INFORMATION SHOWN: Begin

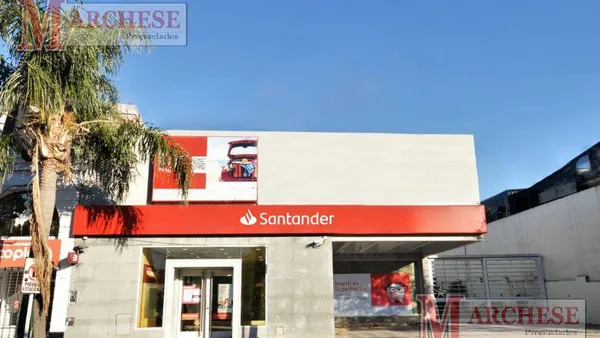 Local Comercial en Av. Santa Rosa al 1500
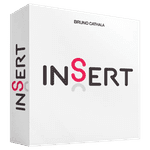 Board Game: INSERT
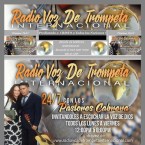 Radio Voz de Trompeta Internacional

INFORMATION SHOWN: End

--- WHAT TO DO ---
Would you please retype all the data exactly? Leave out whatever pictures it holds.

--- SOLVED PROBLEM ---
 Local Comercial en Av. Santa Rosa al 1500
 Board Game: INSERT
 Radio Voz de Trompeta Internacional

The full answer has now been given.